A current, particularly choice event is "The Gold of Ancient America," an exhibit of 136 pieces originally excavated from Indian graves and drawn from 29 public and private collections (see color opposite). Last week the exhibit finished a month's run at Boston's Museum of Fine Arts; it will open at Chicago's Art Institute in February and move to Richmond's Virginia Museum in March.
Innocent Beauty. Selected by Allen Wardwell, 33, curator of primitive arts at the Art Institute, the comprehensive exhibit shows how the ancient Indian goldsmiths ground, hammered and cast the precious metal into highly stylized objects. Though the innocent beauty of the pieces was lost on the greedy conquistadores, it has intrigued modern artists such as Lipchitz, Moore, Klee, Brancusi and Dubuffet.
Jaguars, snakes, frogs and alligators, as well as human faces and figures, provided the artisans with their motifs. The goldsmiths executed them with increasing sophistication. The very first of them, the Chavin Indians of Peru, for example, had only crude stone tools with which to beat the pure metal into shape.

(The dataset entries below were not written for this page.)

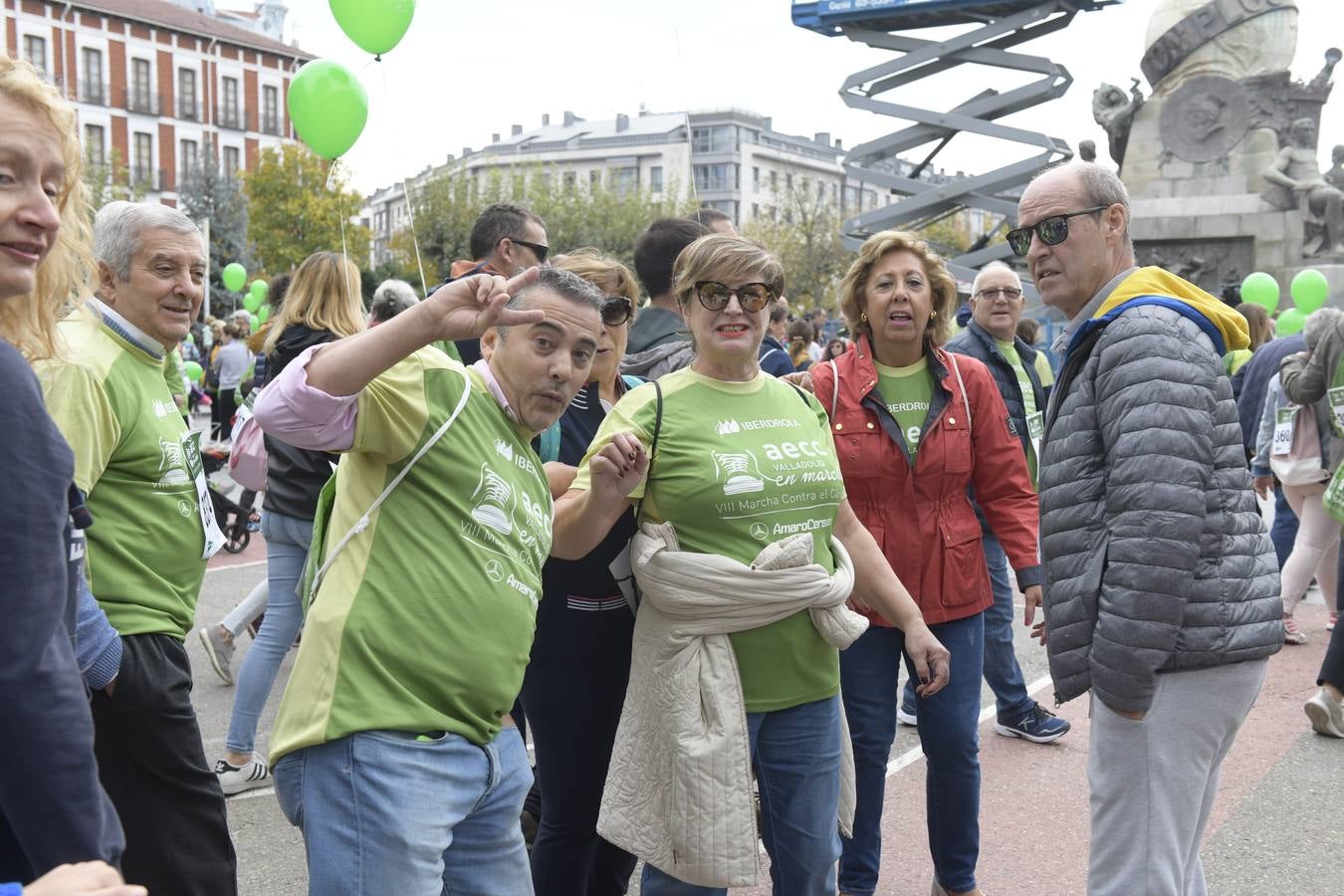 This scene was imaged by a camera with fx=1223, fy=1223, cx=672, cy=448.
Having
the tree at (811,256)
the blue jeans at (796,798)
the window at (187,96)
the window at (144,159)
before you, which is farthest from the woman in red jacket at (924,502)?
the window at (187,96)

Far more advanced were the later Quimbaya Indians of Colombia, who discovered how to make alloys of gold and copper and also mastered the sophisticated "lost-wax" technique of casting. First, the Indians made a model of the sculpture in beeswax or resin and covered it with a powdered charcoal and then a thick layer of clay. Next, they applied heat, melting the wax so that it ran out a channel in the hardened clay impression. They then used the impression as a breakable mold, pouring the molten gold in through the channel in the clay. It is the same method that dentists use today in making gold inlays.